Punch (2022)

“How does that happen? That we become something that we’re not?”

Sometimes it can feel like life defines us instead of the other way around. Punch is a story about how people can be limited by the expectations and culture around them, but also how we can choose another path in life and how others can help us when we most need it.

Jim is the small-town favorite boxer – apparently not much else goes on in this small town. I believe this takes place in New Zealand, but it could have easily been a small town in the South. He’s training to be a professional boxer because his dad has basically brought him up to be just like himself. There’s a scene in the beginning where it appears to be Jim’s birthday party, but instead of games and cake it’s Jim and his dad play boxing.

Whetu is different from Jim in many ways, but the same in others. He’s more aware of who he is, but he’s stuck in the small town and unable to escape the homophobia that seems to follow him everywhere. He’s also stuck in his head where he doesn’t truly believe he’ll amount to much.

Jim and Whetu make a connection early on, and watching their friendship develop is one of the highlights of the film. You can see that they need each other as two people, but you can also see what they do for each other.
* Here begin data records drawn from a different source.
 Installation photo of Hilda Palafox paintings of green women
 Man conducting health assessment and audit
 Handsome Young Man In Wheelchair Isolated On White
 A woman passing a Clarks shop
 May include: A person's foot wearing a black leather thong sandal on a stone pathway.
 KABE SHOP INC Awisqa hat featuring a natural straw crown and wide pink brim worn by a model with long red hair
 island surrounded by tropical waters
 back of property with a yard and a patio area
They find joy in each other where everyone else creates anger and resentment. They lift each other up in a place where everything else seems to tear them down.
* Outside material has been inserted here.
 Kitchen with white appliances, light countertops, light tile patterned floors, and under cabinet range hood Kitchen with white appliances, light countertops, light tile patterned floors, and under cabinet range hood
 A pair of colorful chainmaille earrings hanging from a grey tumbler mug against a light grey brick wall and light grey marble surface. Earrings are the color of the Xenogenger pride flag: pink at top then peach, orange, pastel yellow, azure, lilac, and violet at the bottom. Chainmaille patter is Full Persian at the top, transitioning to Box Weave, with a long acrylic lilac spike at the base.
This is where I think this film can connect with people who feel like they’re not in the place they want to be, that they can be or do more but are pushed back into a life they don’t thrive in. When Jim tells Whetu about how he sees him, it’s the moment that their friendship is the most meaningful. I think it’s also where it turns into more.

I’m glad the film didn’t focus in on Jim’s journey in his sexual orientation. In the beginning we think Jim might be straight – maybe Jim does too. And, maybe he’s not gay but somewhere in-between. Really, who cares? And it doesn’t matter here. The point is that he feels something more for Whetu, yet he doesn’t struggle with it or turn into melodrama because of it. It just is.

Another thing that stuck out to me was the control that existed in both of the main characters’ lives. Expectations and his father and later managers for Jim. Being stuck in the small town being torn down for Whetu. Couple that with being young and not feeling sure of oneself, and that could be a sad story.

One of the interesting moments early in the film was a the juxtaposition of two scenes. First, we have Jim going through his daily routines – boxing, hanging out with his girlfriend, etc. At one point his girlfriend seems to be trying to have sexy time with him, but he claims he has to run. Literally. The next scene, he’s running through the beach. Seemingly relieved to be out of his regular life, he strips down naked as if he is free of everything and continues to run (free).

Jim and Whetu don’t necessarily end up together. I think this makes a point that they are in each other’s lives for a short time, and yet they have a profound influence on each other and the paths they take. It’s these momentary connections with other people that can change the course of our lives. Both show each other that there is more than what they have lived in the small town that “reeks of testosterone,” and they can be more than they are there.

Update: More information from Welby Ings can be found in this interview from RNZ. I enjoyed hearing directly from the creator of this film, and that so much of what he was trying to do really came across in the movie. I especially like what Welby says about how often gay characters are portrayed as very one-dimensional or sanitized, and that he tried to make Jim and Whetu as complicated, flawed people.